Theatrical Release: October 2008

MPAA rating: R for "Refund necessary"

Genre: Western? Love story? It's kinda hard to tell...
Starring: Ed Harris and his horseshoe hairline, Viggo Mortensen and the world's worst facial hair, a fuglier-than-usual Renee Zellweger (we'll get to her, don't worry), and Jeremy Irons... Wait, what? Jeremy Irons? In a cowboy flick? Isn't he INCREDIBLY British?

The overview: Two hired guns (Harris and Mortensen) enforce the law in 1880's New Mexico Territory. While trying to legally arrest the man responsible for gunning down Appaloosa's former sheriff, someone who used to look like Renee Zellweger gets off at the train stop in town to start a new life here. Why she chose this town is never explained but she does manage to scare the audience with her Frankenstein-sucked-on-a-lemon good looks and she also manages to capture the heart of the new sheriff, Virgil Cole (Harris). After the love interest is introduced, things get pretty lame, pretty quickly.

While Westerns might not be your cup of meat, sometimes you stumble upon one that's just a little different and a little better. Back To The Future Part III. Young Guns. Unforgiven. Maybe not necessarily in that order but you get my drift. There have been so many Westerns made, you'd think all the good story lines had been made into movies already. Well, you're right. Appaloosa is not a good story. I take that back... It might be a good story, since it was based on the book of the same title, written by Robert B. Parker. Apaloosa the movie, though, is a hodgepodge of unlikely events, unexplained decisions, and many noticeably omitted Western staples. Let's just start from the beginning, shall we?...

The movie opens with Jeremy Irons killing three dudes on horseback. Ok. Jeremy Irons is a Shakespearean actor, classically trained, who is more believable in a monocle and black turtleneck than as any kind of Old West outlaw. I overlooked this... Not five minutes later, I noticed one of the extras (a kid) look directly into the camera! I even accepted Viggo Mortensen's obviously glued on mustache. But when I saw Bridget Jones walk onto the screen...  Well, I turned to my wife and said, "s**t. I hate this movie already."

This movie could've been good. It started out like any other Western but morphed into a badly written Old West love story with one awkward kiss. It seems as if Ed Harris really might've loved the book and in the interest of getting the film made, he was forced to chop probably another 45 minutes worth of movie he wanted to make since it was already nearly two hours long.
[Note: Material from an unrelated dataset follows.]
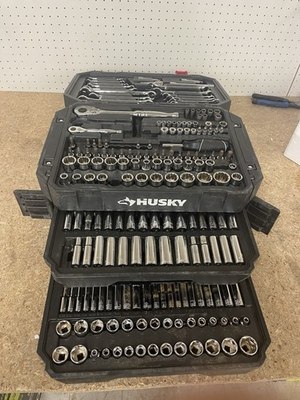 #ad #ad Husky Mechanics Tool Set 290 Piece MISSING $159.99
Unfortunately, the cut or never-made scenes were probably the ones needed to establish the relationships between the characters. Ed Harris plays Virgil Cole, a stoic, leathery, no-s**t-takin' sheriff. He's certainly the toughest guy in the cast but ultimately ends up playing the biggest p***y. He somehow turns into a 12-year-old boy whenever he has to talk to Allie French (Zellweger) but throughout the movie, I don't recall seeing the two of them embrace or kiss or cry over one another or do anything other than hold hands and talk about each other like they were in junior high. Here's an actual line, spoken by Virgil to his deputy, understudy, and best friend, Everett Hitch (Mortensen) when Hitch mentioned the new girl had asked about him...

"Did she ask about me in a liking way?"

Jesus, Virgil. Are you kidding me? Why don't you just slip her a note between classes that says "Do you like me? Check yes or no!" There are several Virgil Cole-ism's sprinkled throughout this movie, actually. And not to deviate here, but check the poll question to the right to vote for the best one. Moving on...

The relationships between the three main characters are confusing at best and mistaken for indifference at worst. There are also many many many plot holes to look over (why did Allie choose Appaloosa to relocate to? Why didn't Bragg's gang just kill the witness before trial?) but I think the most irritating thing about this movie for me was that I didn't believe anything like this would ever happen. Here's a quick rundown of some more horse-s**t I was asked to believe...

- Virgil and Allie buy a house after two dates.

- When given the opportunity to let Indians kill the outlaws Virgil and Everett are after, they run the Indians off so they can arrest the people they were about to kill. Then Virgil says they shouldn't kill each other while there are Indians around. Wait... If your plan was to kill them, why did you run off the Indians? They were just about to kill those douchebags FOR you!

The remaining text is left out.